==== Records shown
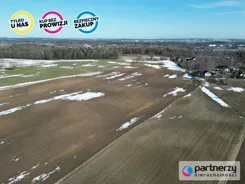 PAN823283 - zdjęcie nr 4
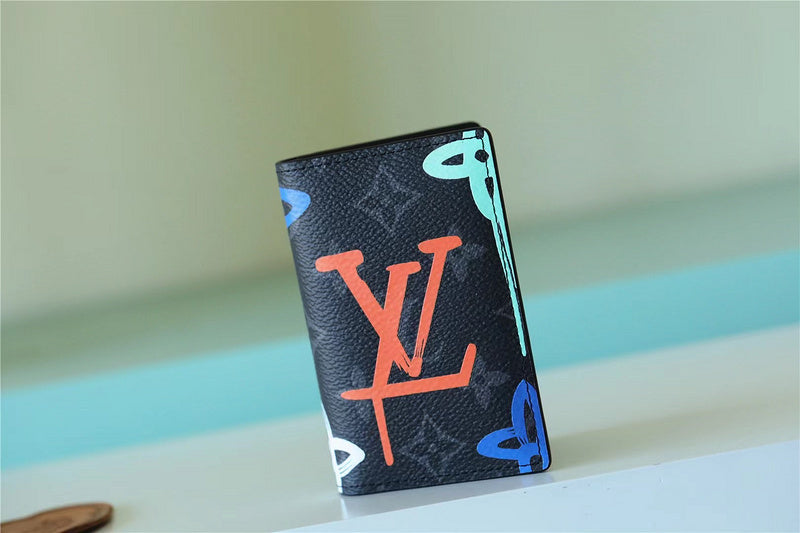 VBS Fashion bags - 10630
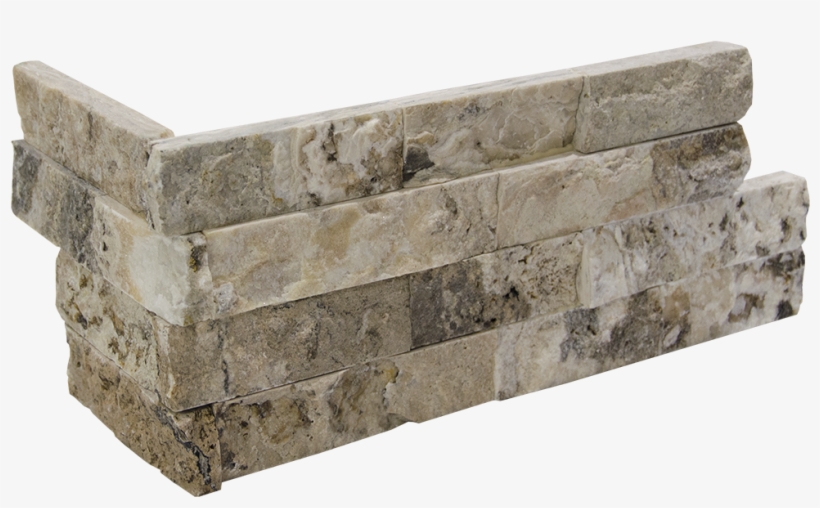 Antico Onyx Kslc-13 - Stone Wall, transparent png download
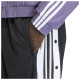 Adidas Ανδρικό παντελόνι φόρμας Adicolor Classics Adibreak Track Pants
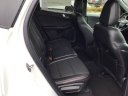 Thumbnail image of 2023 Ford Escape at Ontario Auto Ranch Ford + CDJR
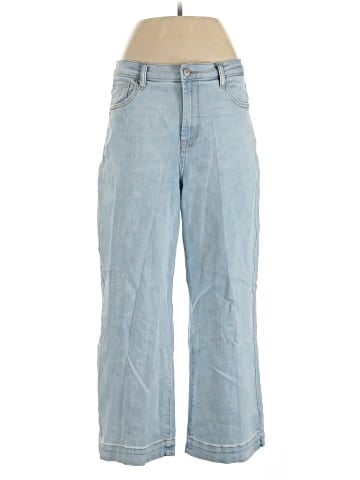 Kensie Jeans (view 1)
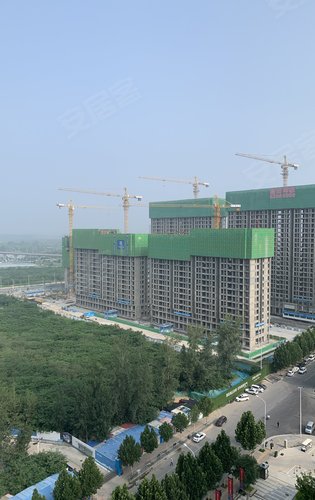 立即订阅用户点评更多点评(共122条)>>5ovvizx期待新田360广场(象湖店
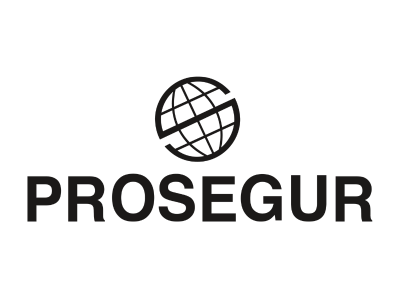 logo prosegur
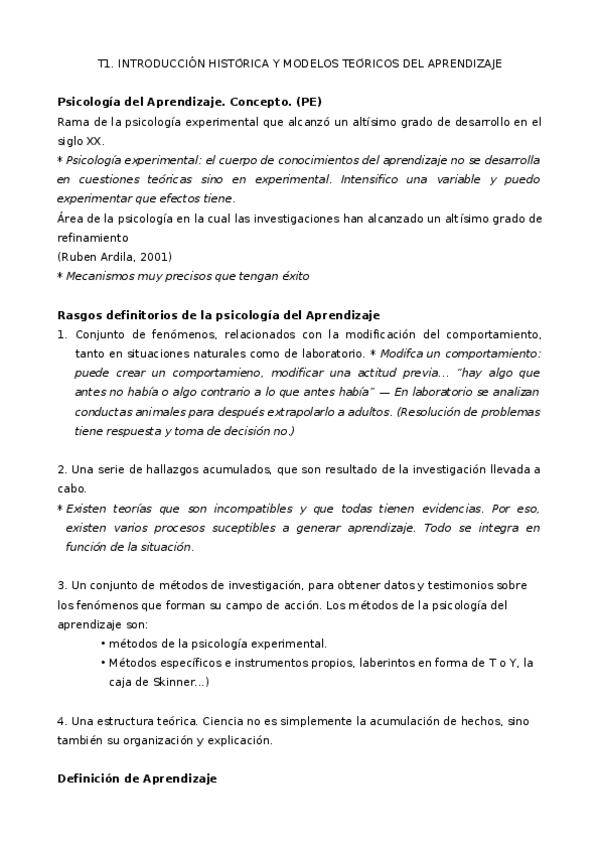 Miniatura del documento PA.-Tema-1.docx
========
Reproduce exactly and only the lines from the "Kensie Jeans (view 1)" line to the last line of the records above. Do not carry over any pictures.

 Kensie Jeans (view 1)
 立即订阅用户点评更多点评(共122条)>>5ovvizx期待新田360广场(象湖店
 logo prosegur
 Miniatura del documento PA.-Tema-1.docx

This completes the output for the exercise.